In particular, feedback was requested about the specific reservations with insurance policies for business succession being owned by a company. In summary, and with thanks to co View Legal director Tara Lucke, we provided the following reasons:
1 while capital gains tax (CGT) should not be payable on receipt of life insurance proceeds, it will be payable on any total and permanent disablement or trauma proceeds that are paid to a company. In contrast, no CGT should be payable on receipt of the insurance proceeds where the policies are self owned;
2 there can also be significant practical difficulties in extracting insurance proceeds from a company to the appropriate recipient. This is particularly important when the main purpose of the policy is for an equity payment, as opposed to debt cover.
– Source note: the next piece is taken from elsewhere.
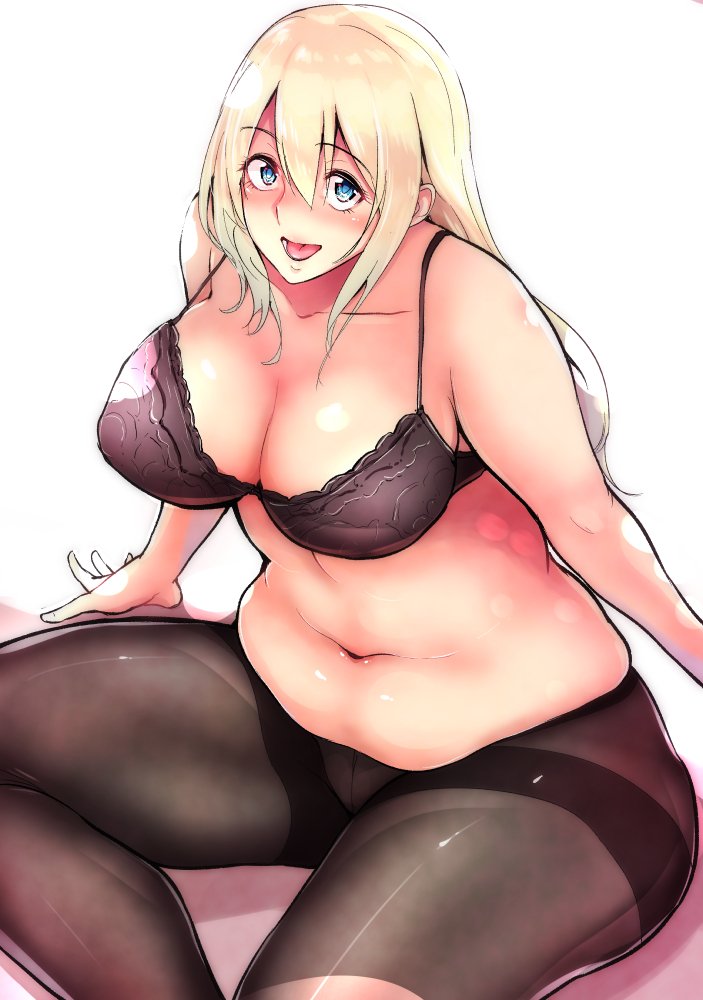 1girl, atago_(kantai_collection), bifidus, black_bra, blonde_hair, blue_eyes, blush, bra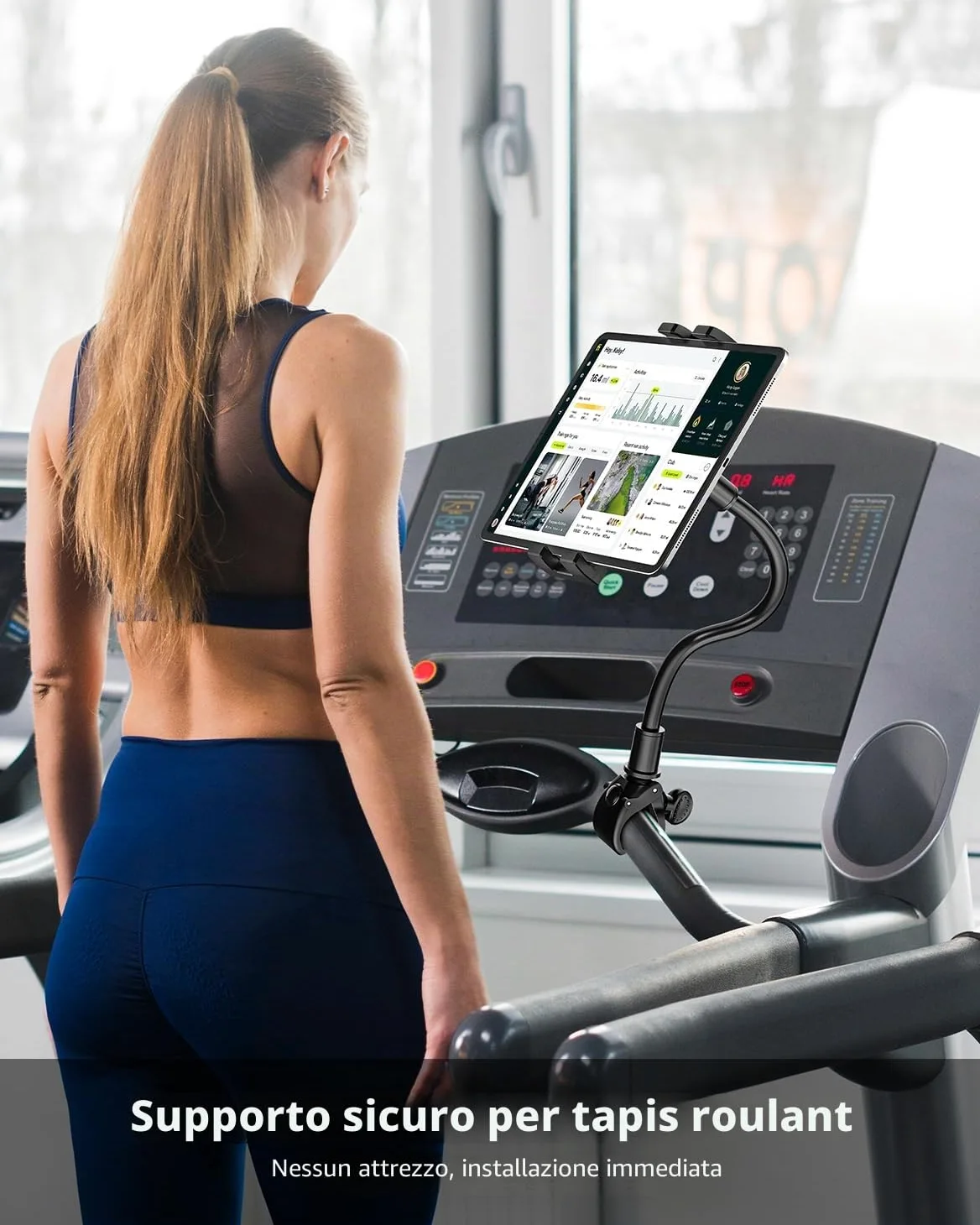 Supporto Tablet Bici Spinning, Porta iPad Bicicletta Cyclette Tapis Roulant | con Collo Oca in Metallo, per iPad Pro 12.9, 10.5, 9.7, iPad Air Mini, Samsung Tab, iPhone 4-13" Telefonos Tablets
Again, where the policy is self owned, the exiting principal or their estate will receive the proceeds directly and none of these practical issues will arise, as long as an appropriate agreement is implemented;
3 where insurance proceeds need to be accessed by the exiting principal (or their estate) this is generally only achievable via a share buy-back or dividend. A dividend will likely be tax inefficient and generally a buy back will also have an inefficient tax outcome for the following reasons:
(a) the consideration will be split between an assessable capital gain and a dividend, which restricts access to the full benefit of the CGT 50% discount and small business CGT concessions;
(b) while a company may be able to pay the proceeds to the exiting shareholder/s as a partially or fully franked dividend, this will use franking credits that would otherwise have been available for distributing profits; and
(c) the surviving owner/s will own 100% of a company after a share buy-back, however their cost base in the shares will not have increased;
4 insurance proceeds will be under the control of the remaining director/s of a company, in contrast with a self owned or superannuation owned policy where the estate directly receives the benefit of the proceeds; and
5 finally, the legal documentation required for company ownership is comparatively complex to all other policy ownership approaches.